New bus lines extend service to downtown, apartments
August 31, 2012
Students looking for a way downtown, or to their friend’s apartment, have a new option thanks to two new bus lines.
The Yellow Line runs Monday through Friday and goes downtown from 6 to 9:30 p.m. The Purple Line runs from 10 p.m. to 2 a.m. and stops at apartment complexes Thursday through Saturday.
The Purple Line is a fixed-route service that replaces the Provide-A-Ride service WKU offered in the past.
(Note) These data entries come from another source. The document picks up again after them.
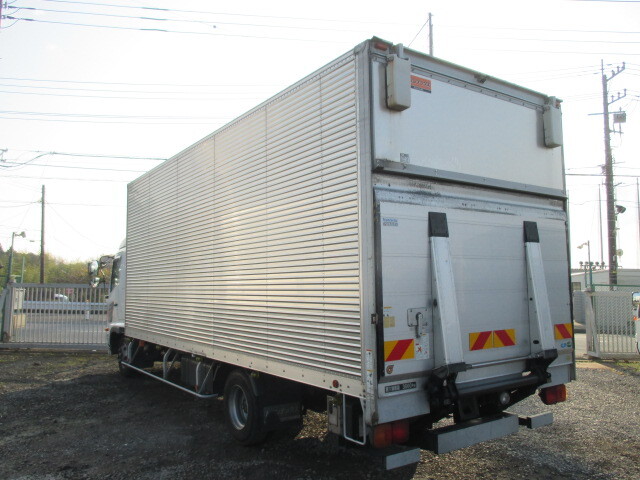 日野レンジャーアルミバン中型（4t）[写真02]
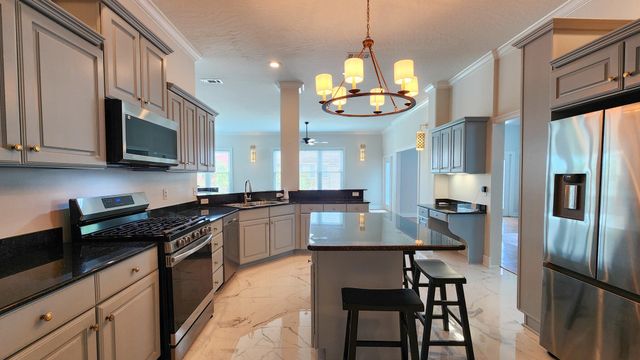 2400 Palm Harbor Drive, Fort Walton Beach, FL 32547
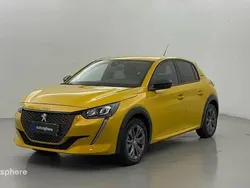 Jaune Utilisé 2022 Peugeot e-208 Style Citadine | 16 499 € (Prix juste)
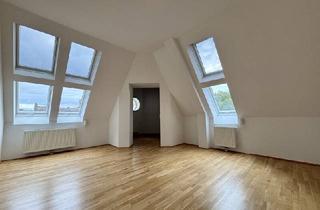 Wohnung kaufen in 2500 Baden, Dachgeschoss-Turm-Wohnung mit 5 Meter Raumhöhe | ca. 2.000 m² Garten zur allgemeinen Nutzung I freie Mietzinsbildung I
It will make stops at the Gables, College Suites, off-campus apartments on Campbell Lane, downtown and main campus.
Both lines have already started transporting students.
Transit Manager Stephen Rowland said a good number of students have already ridden. 53 students rode the Yellow Line on its opening night, and 280 students rode the Purple Line over its first two nights of service, Rowland said.
Jennifer Tougas, director of Parking and Transportation, said a survey her department conducted in February found the need for a shuttle to take students downtown.
“The No. 1 request was for evening service, and the number-four request was to go downtown, so with the Yellow Line we’re doing both,” Tougas said. “It’s a great way for us to help students go downtown.”
Parking and Transportation partnered with the Student Government Association, who partially funded Provide-A-Ride to create the Purple Line.
SGA President Cory Dodds said that the contract with the provider, Franklin Taxi, ended at the start of the 2010-2011 school year because the service was late picking up students and not safe.
Tougas said Franklin Taxi didn’t meet expectations of the service.
“The last vendor that provided that service was really not able to keep up with the demand of the service, and as a result of that, we ended our contract with them,” Tougas said.
Tougas also said she felt that students abused Provide-A-Ride.
“Its original intention was if you find yourself in a situation where you don’t need to drive, call this number,” she said. “It became a ‘Hey, let’s call this and reserve our trips and everybody go out to this party,’ and that was not the intention of it.”
The cost for the Purple Line is $30,000, which was the same price as Provide-A-Ride. SGA and Parking and Transportation will continue to split the cost.
SGA can use its funding as it wishes. Dodds stressed that there is a not a student fee that funds Purple Line.
“Once we got our budget from that fee, we split it up to different things, scholarships, discretionary funding, and whenever we had Provide-A-Ride, we always set off $15,000 from our budget; same with the Purple Line,” he said.
“$30,000 sounds like a lot for this service, but you can’t put a price on a life,” he said.
Bardstown sophomore Monet Becker is upset with the idea that part of her tuition is funding Purple Line.
“I don’t see how that money is being used for academic purposes,” she said. “Since Western is an academic institution, I don’t think that SGA should use that money to fund, like I said, an after-hours basically drunk taxi service.”
Becker said instead of the Purple Line, she would rather see a stronger police presence on campus.